US scientists have grown human cells in monkey embryos with the aim to understand more about how cells develop and communicate with each other.
Researchers from the Salk Institute in California have produced what is known as monkey-human chimeras, with human stem cells – special cells that have the ability to develop into many different cell types – inserted in macaque embryos in petri dishes in the lab.
However, some ethicists in the UK have raised concerns, saying this type of work “poses significant ethical and legal challenges” and “opens Pandora’s box to human-nonhuman chimeras”.
They are calling for a public discussion about the ethical and regulatory challenges associated with human-animal chimeras.
Chimeras are organisms whose cells come from two or more individuals.
In humans, chimerism can naturally occur following organ transplants, where cells from that organ start growing in other parts of the body.
The scientists, led by Professor Juan Carlos Izpisua Belmonte, say their work could pave the way in addressing the severe shortage in transplantable organs as well as help understand more about early human development, disease progression and ageing.
Prof Izpisua Belmonte said: “These chimeric approaches could be really very useful for advancing biomedical research not just at the very earliest stage of life, but also the latest stage of life.”
In 2017, Prof Izpisua Belmonte and his team created the first human-pig hybrid, where they incorporated human cells into early-stage pig tissue but found that human cells in this environment had poor molecular communication.
So the team decided to investigate lab-grown chimeras using a more closely related species – macaques.
The human-monkey chimeric embryos were monitored in the lab for 19 days before being destroyed.
According to the scientists, the results, published in the journal Cell, showed that human stem cells “survived and integrated with better relative efficiency than in the previous experiments in pig tissue”.

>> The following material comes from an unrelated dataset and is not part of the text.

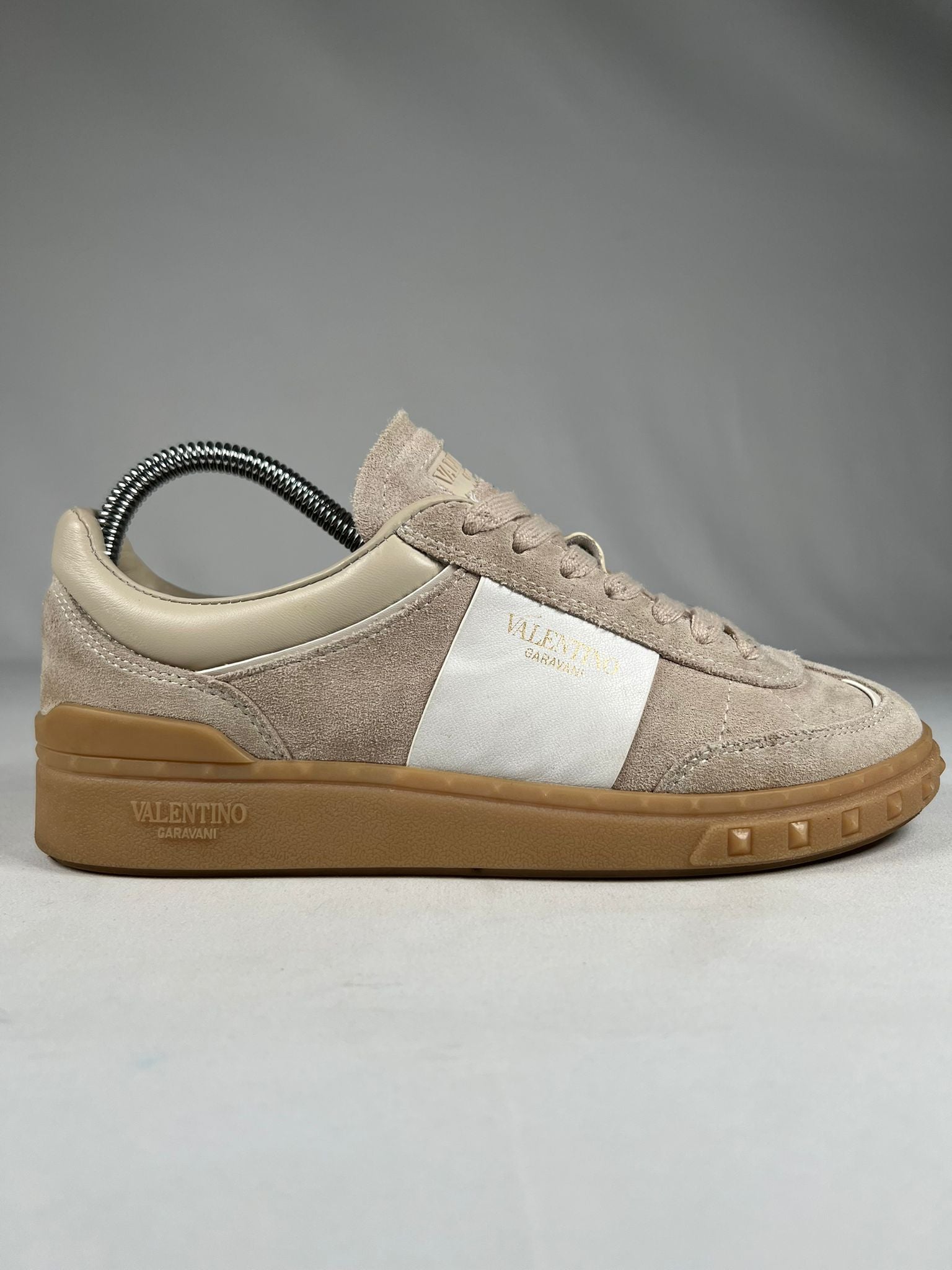 Valentino Upvillage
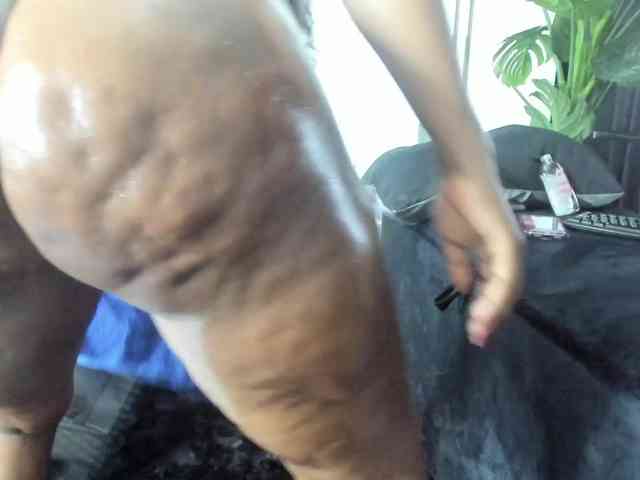 Modelo: Big-Black-Ass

The team said understanding more about how cells of different species communicate with each other could provide an “unprecedented glimpse into the earliest stages of human development” as well as offer scientists a “powerful tool” for research on regenerative medicine.

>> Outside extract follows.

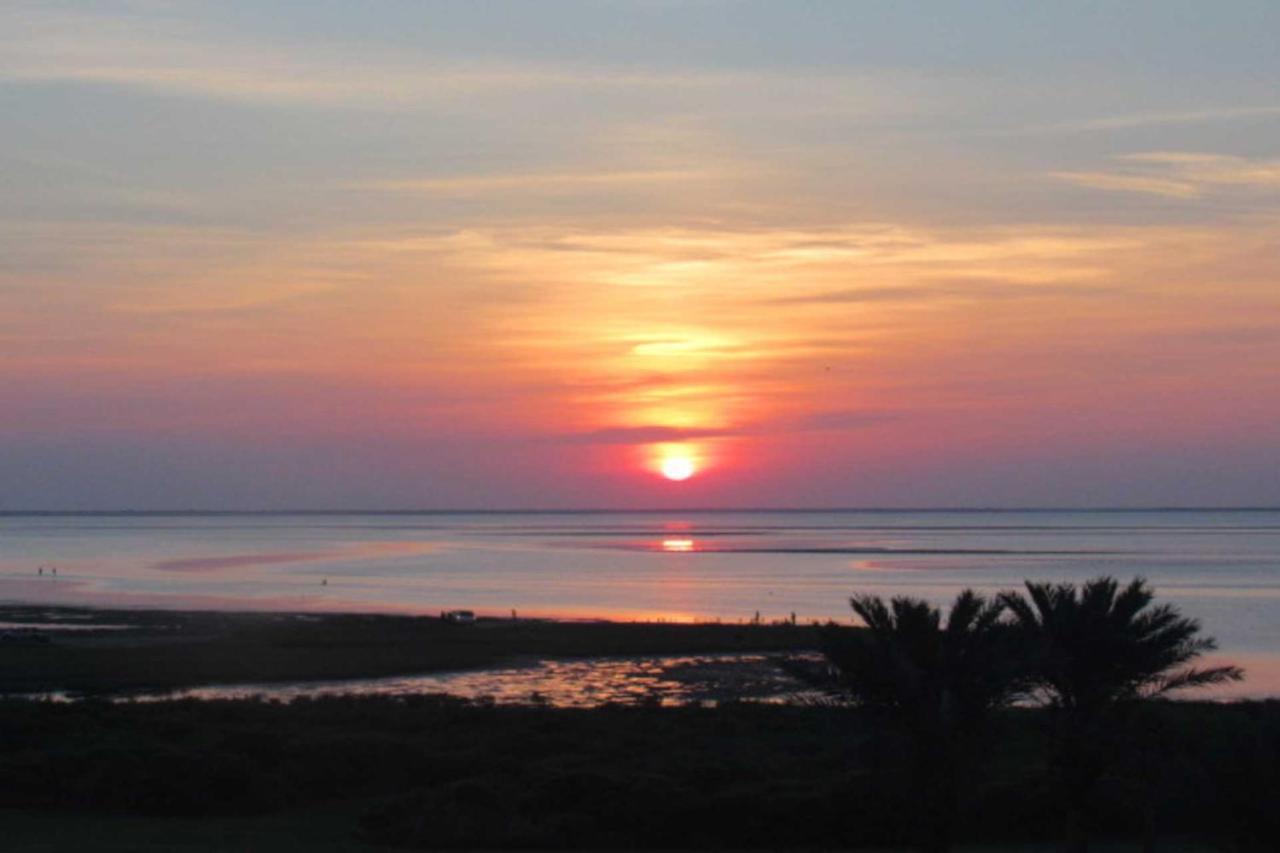 Apartamento Pointe West Family Retreat Balcony And Ocean Views! Galveston Exterior foto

Prof Izpisua Belmonte maintains that their work has met the current ethical and legal guidelines, adding: “As important for health and research as we think these results are, the way we conducted this work, with utmost attention to ethical considerations and by coordinating closely with regulatory agencies, is equally important.
“Ultimately, we conduct these studies to understand and improve human health.”

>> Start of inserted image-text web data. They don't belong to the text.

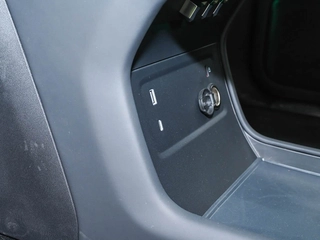 M-Hero M817 2025 Pro interior photo 18 M-Hero M817 2025 Pro interior photo 18
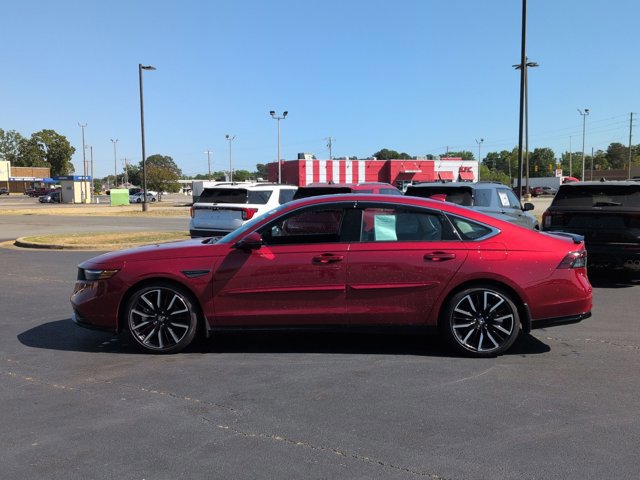Used 2024 Honda Accord Touring image 7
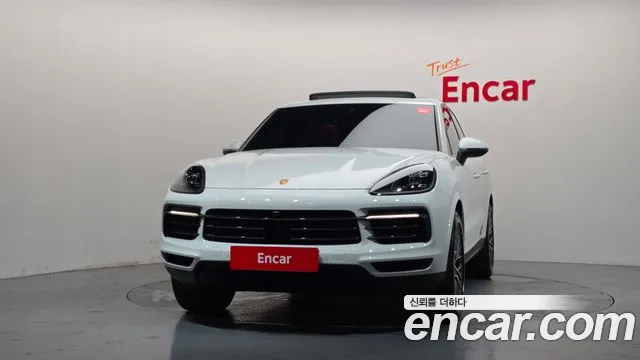 Porsche Cayenne — Фото автомобиля 3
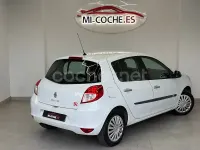 Usado Renault Clio Exception 85 CV (62 kW) 2010 Blanco Familiar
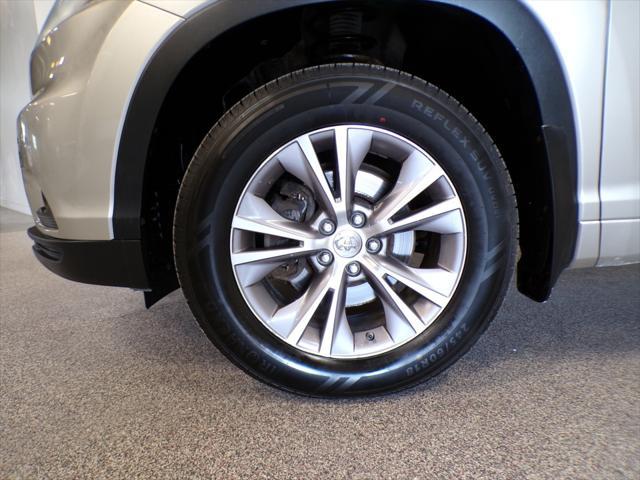 used 2015 Toyota Highlander car, priced at $13,995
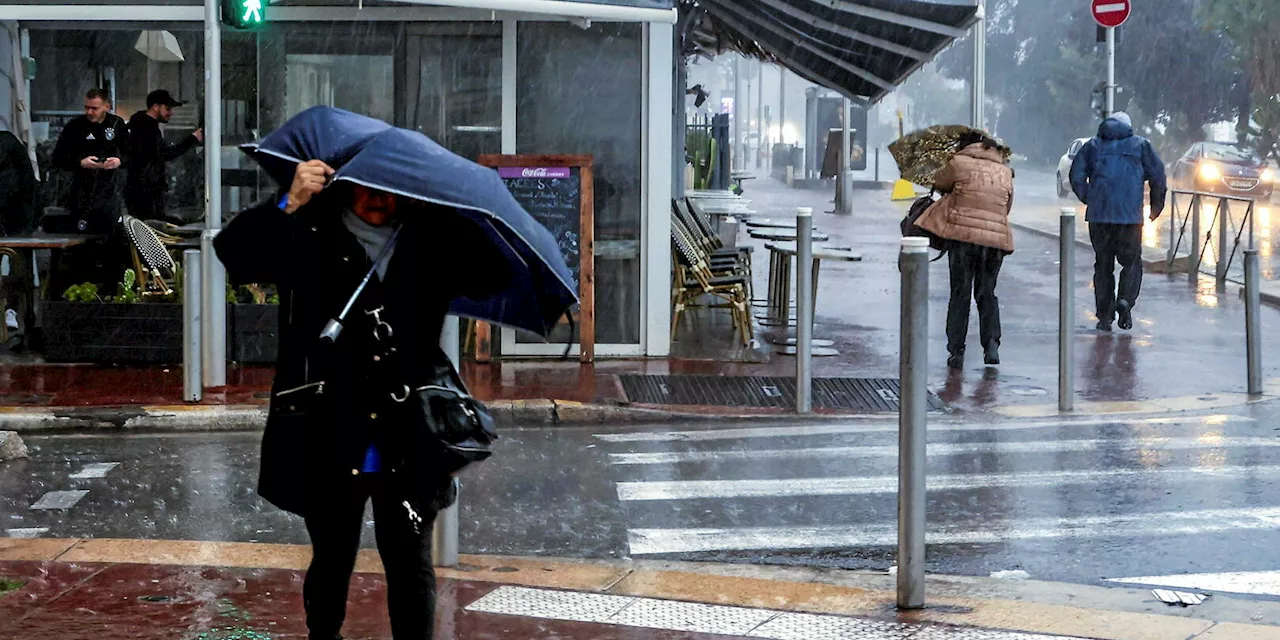 Météo : quatre départements en vigilance orange pour crues ou pluie-inondation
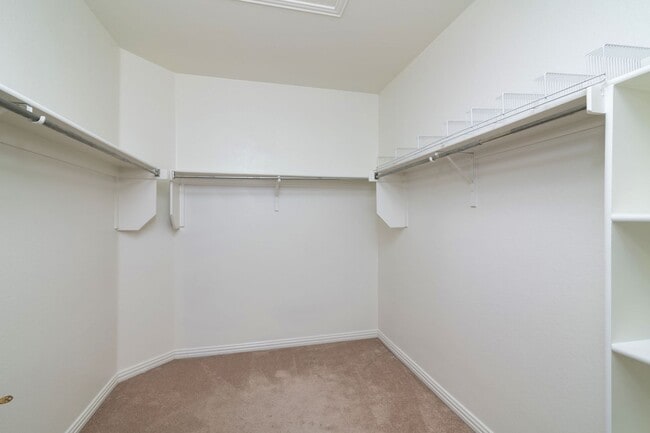 Building Photo - Townhome in Parker Estates!! READY for move in early June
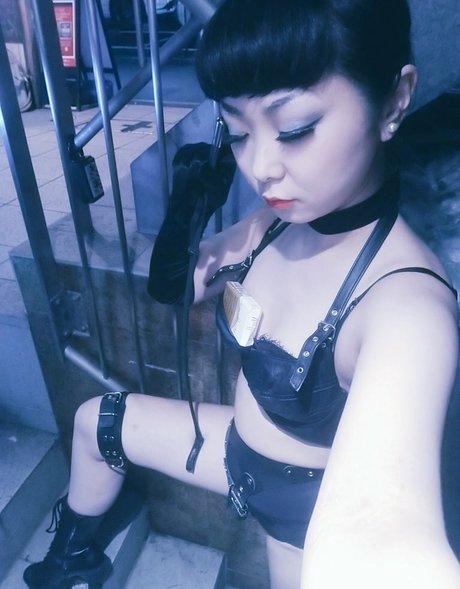 Mistress Orchid 美しいモデル ギャラリー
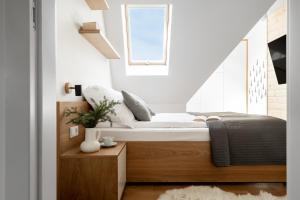 Posteľ alebo postele v izbe v ubytovaní Mountain Base - Dwupoziomowy apartament "Przy lesie II" z prywatnym jacuzzi w Kościelisku
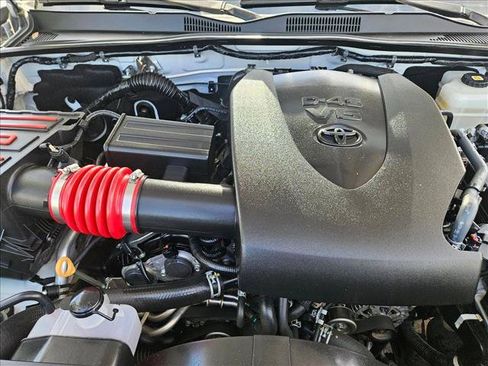 Used 2022 Toyota Tacoma TRD Off-Road w/ TRD Premium Off Road Package AWD/4WD image 22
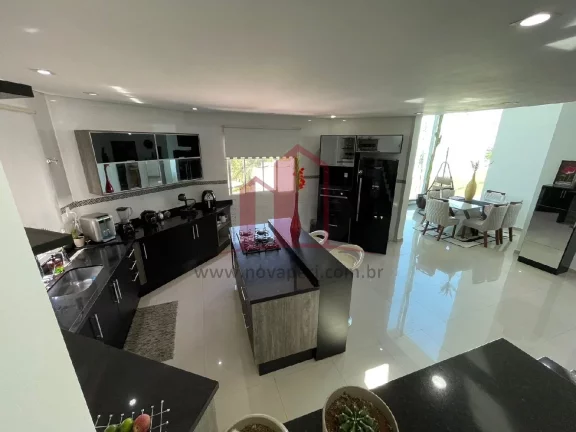 Imagem Casa de Luxo à Venda em Condomínio Villa Verde, Franco da Rocha-SP: 3 Quartos, 1 Suíte, 4 Banheiros, 2 Vagas, 330m² de Pura Elegância!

Commenting on the research, Dr Anna Smajdor, lecturer and researcher in biomedical ethics at the University of East Anglia’s Norwich Medical School, said: “This breakthrough reinforces an increasingly inescapable fact: biological categories are not fixed – they are fluid.
“This poses significant ethical and legal challenges.”
She added: “The scientists behind this research state that these chimeric embryos offer new opportunities, because ‘we are unable to conduct certain types of experiments in humans’.
“But whether these embryos are human or not is open to question.”
Prof Julian Savulescu, director of the Oxford Uehiro Centre for Practical Ethics and co-director of the Wellcome Centre for Ethics and Humanities, University of Oxford, said: “This research opens Pandora’s box to human-nonhuman chimeras.
“These embryos were destroyed at 20 days of development but it is only a matter of time before human-nonhuman chimeras are successfully developed, perhaps as a source of organs for humans. That is one of the long-term goals of this research.
“The key ethical question is: what is the moral status of these novel creatures? Before any experiments are performed on live-born chimeras, or their organs extracted, it is essential that their mental capacities and lives are properly assessed.”
Sarah Norcross, director of the Progress Educational Trust, said that while “substantial advances” are being made in embryo and stem cell research, which could bring equally substantial benefits, “there is a clear need for public discussion and debate about the ethical and regulatory challenges raised”.